I wish you well in your quest to better understand the English language, and use it more effectively in debate. I'm sure it will benefit you - for example, your posts will be a lot less likely to be moved to the back room, so you'll have the privilege of debating more Free Republic posters.
I agree. I believe the same about alcohol and tobacco, so I just say no to all of them. They are all nasty habits, all dangerous to one degree or another.
That's a completely separate issue from whether they should be legal. We (as a society) decided, correctly I believe, that prohibition of alcohol was a bad idea, despite the harm alcohol causes. I believe exactly the same case holds for illegal drugs.
This is another important point to understand about debating the issue. Saying something should be legal is not the same as saying that it's a good idea. Assuming that someone is against the drug war just because they want to use drugs is false far more often than not.
That's not what is going on here. Taking something that was illegal for a number of decades and now saying that it should be legal sends a completely different message.
Look what happened with abortion. Making that legal may not have sent the message that it was a good idea, but it sure increased that activity, didn't it?
"Assuming that someone is against the drug war just because they want to use drugs is false far more often than not."
This is a perfect example of moral relativism. That is, "Drugs are bad, I don't do drugs, I'm not in favor of others doing drugs, but they should be legal and if you choose to do drugs that's up to you."
IT is fine for an individual or group to debate the above issue - even adopt a position that says the group will tell you how to act.
It is an entirely different issue when it is a government that is going to make a morality-based decision for you and enforce it's decision against you via it's enormous police power.

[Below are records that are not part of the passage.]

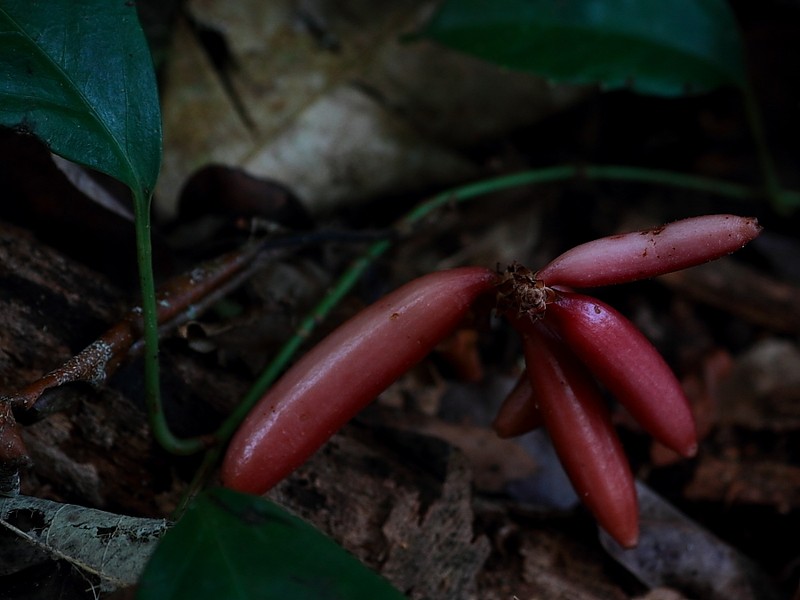 Cyrtosia javanica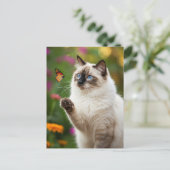 Niedliche Weiße Katze Schmetterling Blaue Augen Po Postkarte (Stehend Vorderseite)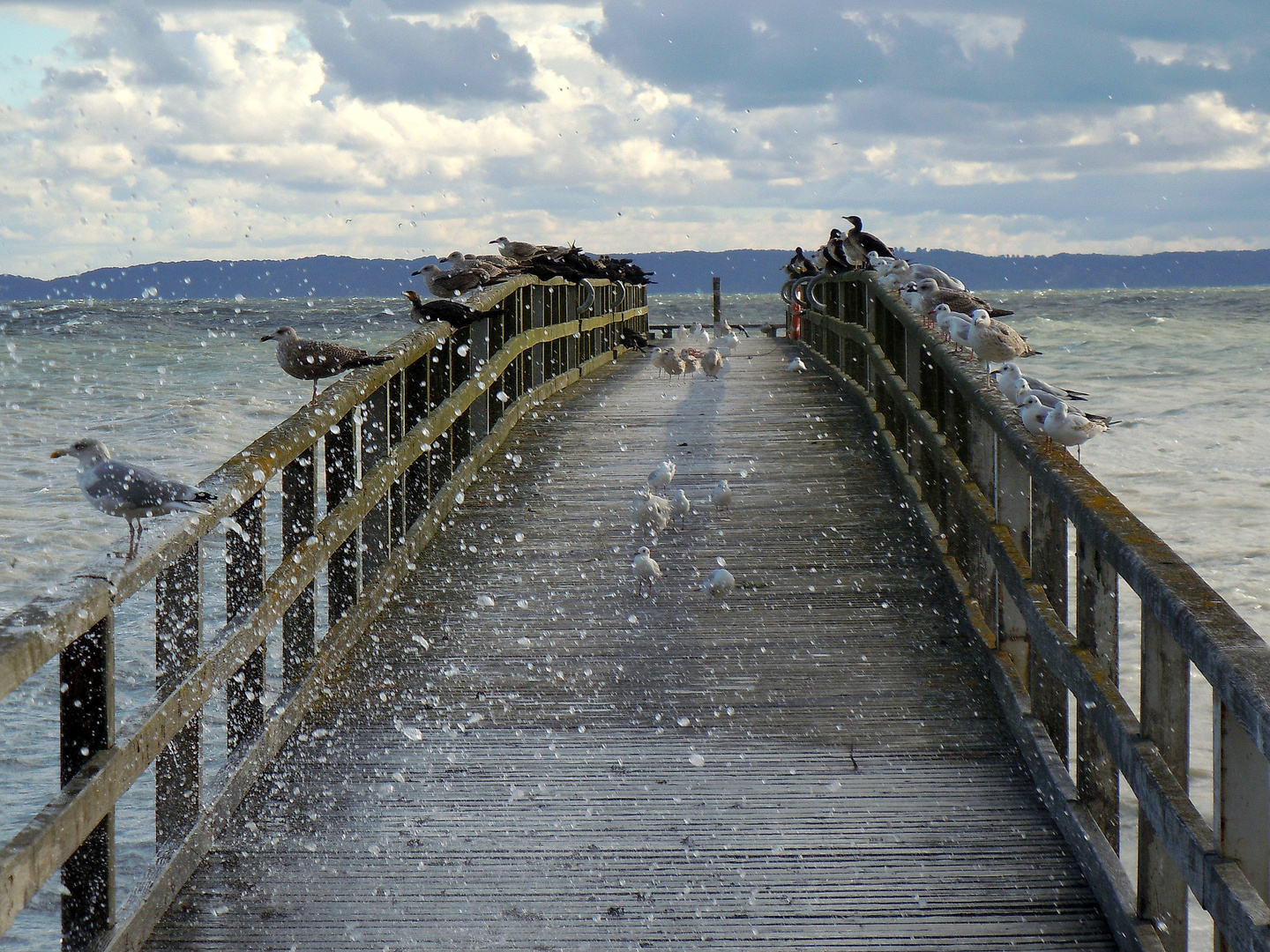 Möwenduschen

The cost-benefit analysis of the WOD leads one to the inescapable conclusion that it does entirely too much violence to all our liberties and the Constitution (not too mention specific examples of violence to innocent citizens) to continue. It will never be effective in reducing drug use - but it will be very effective in destroying our privacy and liberties.
You act as though we don't have a say. Also, you're acting as though our (not "the") government isn't doing what the voters want them to do. I think they are. Over-zealous at times, yes, but the voters in this country do not want marijuana to be legal. (gasp!)

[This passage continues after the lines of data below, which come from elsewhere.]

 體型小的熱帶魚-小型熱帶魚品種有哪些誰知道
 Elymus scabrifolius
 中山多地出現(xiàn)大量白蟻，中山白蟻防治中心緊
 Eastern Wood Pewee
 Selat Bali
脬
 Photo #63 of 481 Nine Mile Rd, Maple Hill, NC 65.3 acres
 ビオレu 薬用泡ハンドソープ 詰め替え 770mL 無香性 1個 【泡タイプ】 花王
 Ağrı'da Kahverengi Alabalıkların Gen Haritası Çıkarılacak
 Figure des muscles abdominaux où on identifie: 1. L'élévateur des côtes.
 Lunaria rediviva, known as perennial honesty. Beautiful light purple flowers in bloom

And isn't it surprising how many of the *new* members are acutally the same old incumbents.
They must have been reëlected because they did such a good job last time around.

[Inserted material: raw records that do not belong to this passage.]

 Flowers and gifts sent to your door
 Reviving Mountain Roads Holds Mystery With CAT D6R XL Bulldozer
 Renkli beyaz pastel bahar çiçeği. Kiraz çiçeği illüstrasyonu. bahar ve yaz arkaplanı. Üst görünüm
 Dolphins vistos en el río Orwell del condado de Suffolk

First, as is often pointed out this nation is not and should not be a democracy. There are quite a few areas that should not be subjected to the will of the majority. Second, the voters in California do want marijuana at least partially legalized, but the feds wouldn't permit it. Is federalism only a good thing if the states do exactly what you want?
It truly IS simple. Either we want people to choose what they do with their lives and bodies, or we want the government to get involved and make the decisions for all of us.